There are two dominanant reverse mortgage lenders in Puerto Rico, which currently control 62.3% of the retail marketplace according to data from Reverse Market Insight.
Those lenders—Moneyhouse and Senior Mortgage Bankers—may have a stronghold on the market, but it doesn’t mean there isn’t plenty of opportunity for others, says David Levis, CEO of Moneyhouse.
Besides those two, an additional 22 companies comprise the remainder of the production, which has been handled primarily by wholesalers Urban Financial Group and Sun West to date. Levis is confident that his new wholesale team can do better, and he is starting by targeting the banks.
“There are five or six FDIC-insured banks that we think can offer the product and because of our relationships, we can make it happen,” he says. “With our track record in Puerto Rico, all of the major lenders know and trust us.”
Those relationships are one important reason why others who have launched wholesale channels in Puerto Rico have struggled in the past to get the banks there involved, he says.
Banks such as Banco Popular, which has $29 billion in assets and is one of the biggest lenders in Puerto Rico, have largely shied away from offering the product, deciding to refer the business out to someone like Moneyhouse instead of launching their own initiative in house. “Those banks are the companies we will get involved,” Levis says.
Earlier this year, the company hired Sandy Tennekoon to launch its U.S. division and build out its wholesale business in Puerto Rico. Formerly with Urban Financial Group, she was instrumental in building Urban’s Puerto Rico business prior to joining Moneyhouse in May.
“The banks and brokers know and trust [Sandy]. She will do a fantastic job,” said Levis.
Moneyhouse also brought on Gloria Betancourt, a former Urban Financial wholesale account executive who was based in Puerto Rico to help expand its wholesale business. As part of the operation, Urban formed an alliance with Moneyhouse to purchase closed loans and remains the largest buyer in Puerto Rico according to Jean Noble, Director of Marketing for Urban.

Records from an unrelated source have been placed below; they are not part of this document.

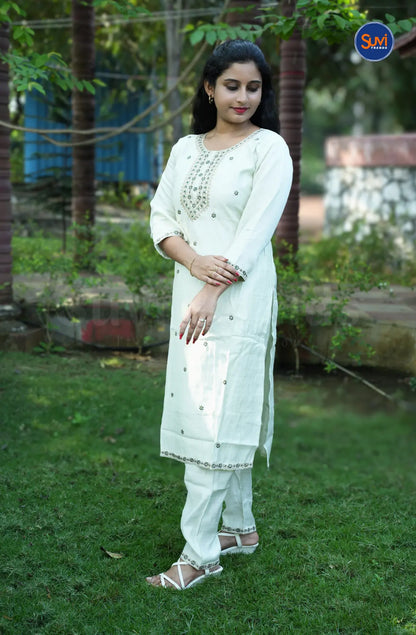 Roman Silk Suit Set with Sequins Embroidery Work - Pastel Light Green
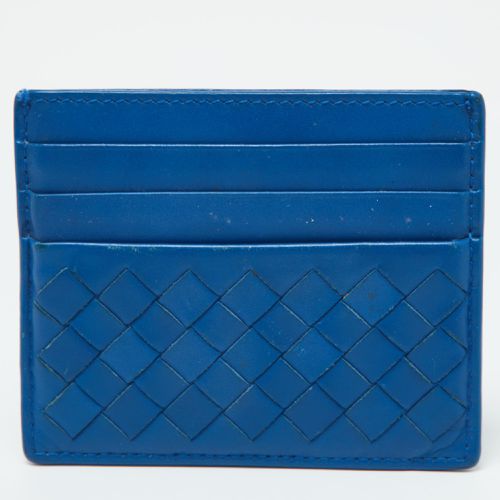 Bottega Veneta Blue Intrecciato Leather Card Holder - Bottega Veneta - Modalova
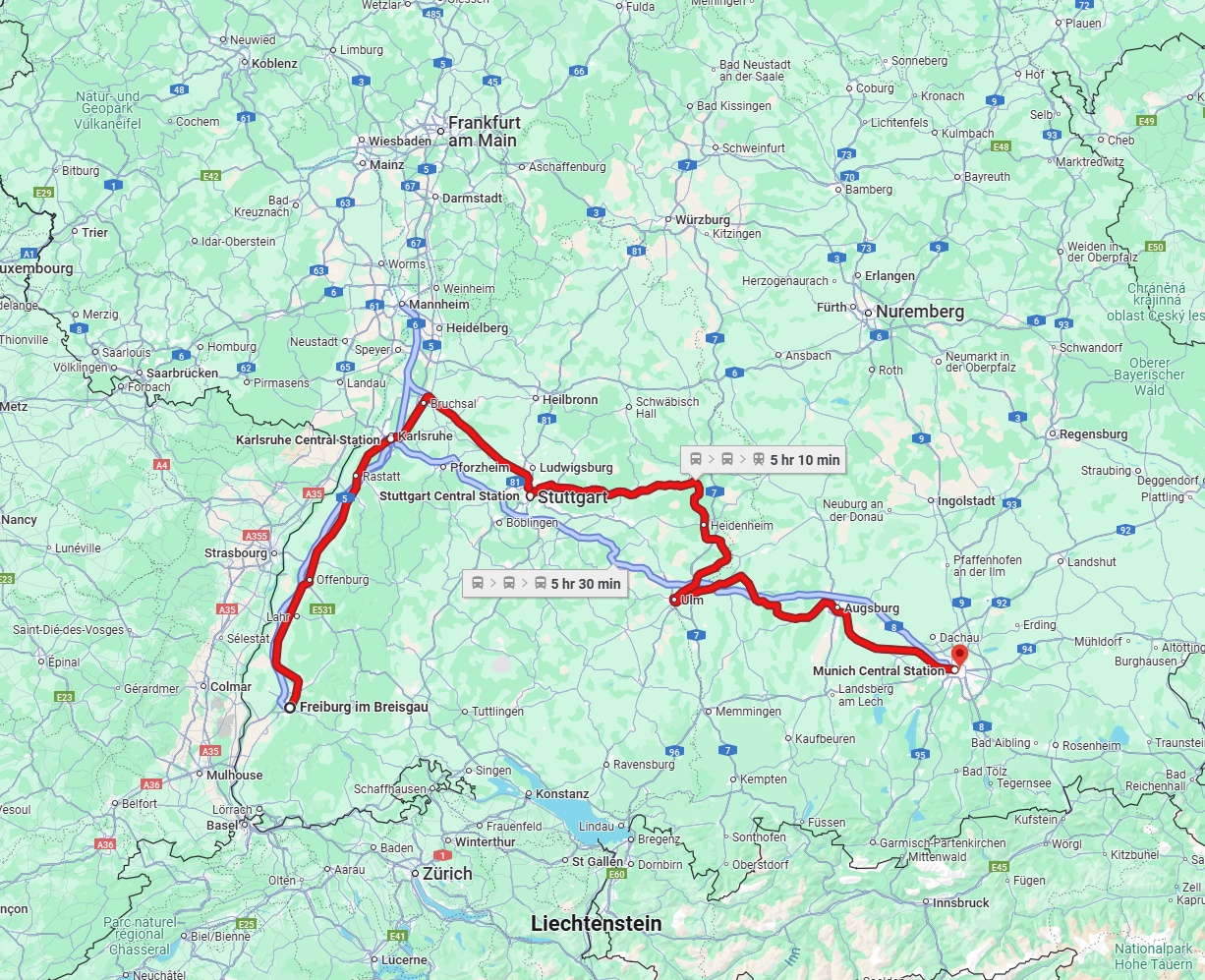 Anreise von Freiburg im Breisgau Zu München Über 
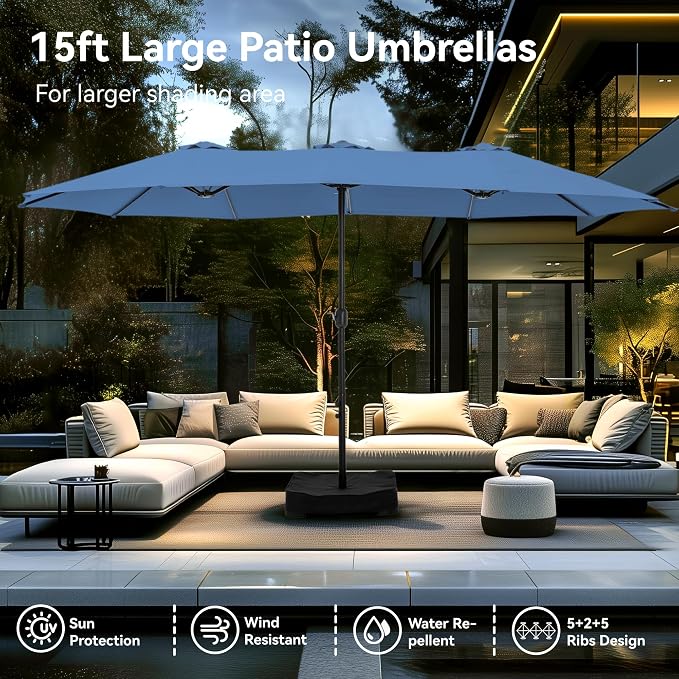 PHI VILLA 15ft Large Outdoor Patio Umbrella - Image 3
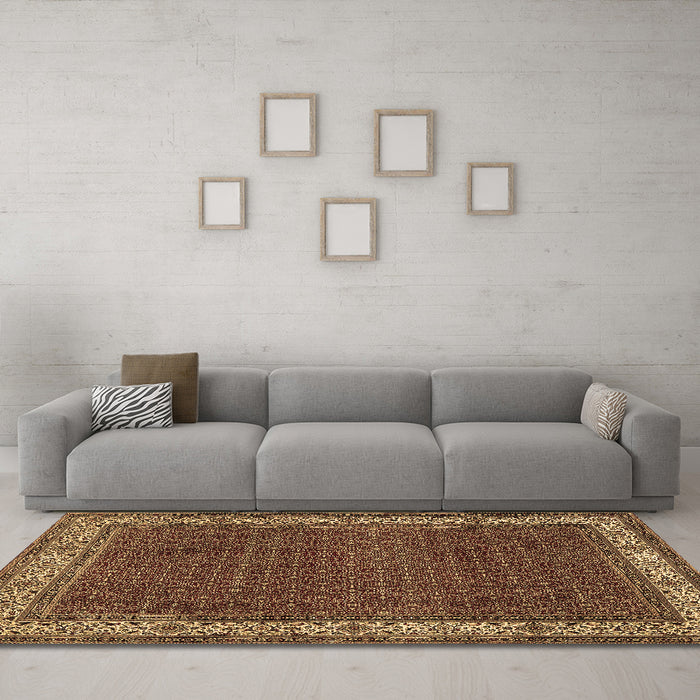 Machine Washable Persian Brown Traditional Rug in a Living Room,, wshtr961brn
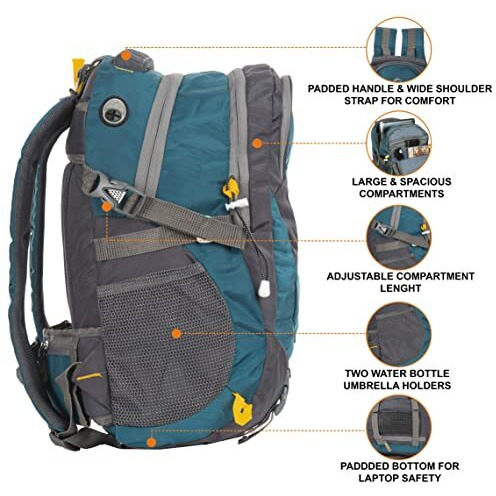 Half Moon 45L Hammer Waterproof Laptop Travelling 4 Compartment Rucksack Trekking Backpack For Travel Journey Bags For Unisex Boys & Girls With 17.3Inch Laptop Compartment & Rain Cover (Sky Blue)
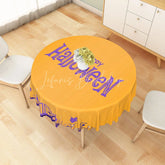 Lofaris Orange and Purple Halloween Round Tablecloth with Dancing Skeletons Ghosts for Fun Spooky Decor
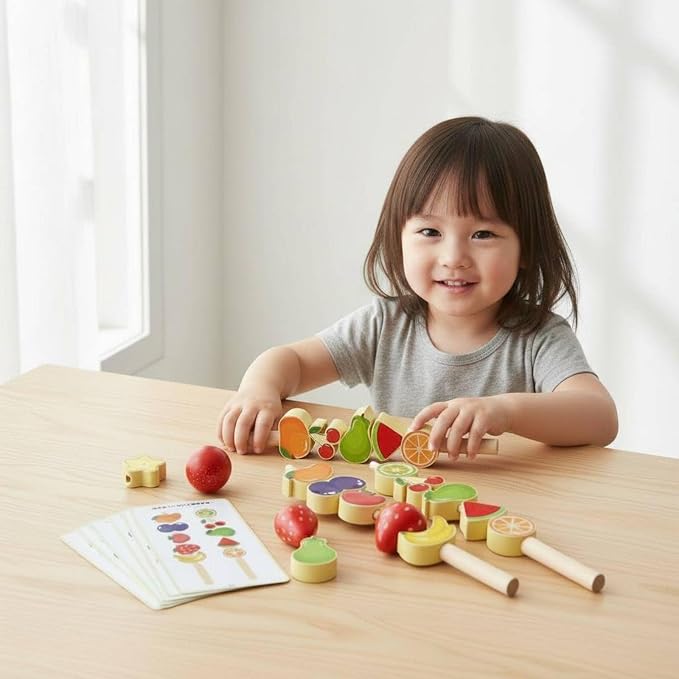 Children Cognitive Game Educational Toy Fruit Skewer Threading Game Stacking Blocks Lacing Beads Wooden Material for Early Learning Fine Motor Skills, BBQ Meat Skewers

Despite all the opportunity, Levis realizes there are some challenges when trying to grow the number of brokers and banks in Puerto Rico.
Last year, Puerto Rico passed a law that imposed a duty of good faith on reverse mortgage lenders, and also requires that lenders provide borrowers information about counseling including a list of three agencies that provide the service.
The bill came after legislators saw aggressive advertising in the marketplace, which has been stopped. “The law has helped to stop the aggressive advertising, the players that were doing it are no longer in the business.”
As a result of the media attention due to the law’s passage, the public perception of reverse mortgages was hurt despite only a few companies participating in the misleading advertising, even though the law does little to change how the program is offered says Levis.
“For the most part, the law copies many of the rules that we all already need to comply with as a result of HUD guidelines,” he says.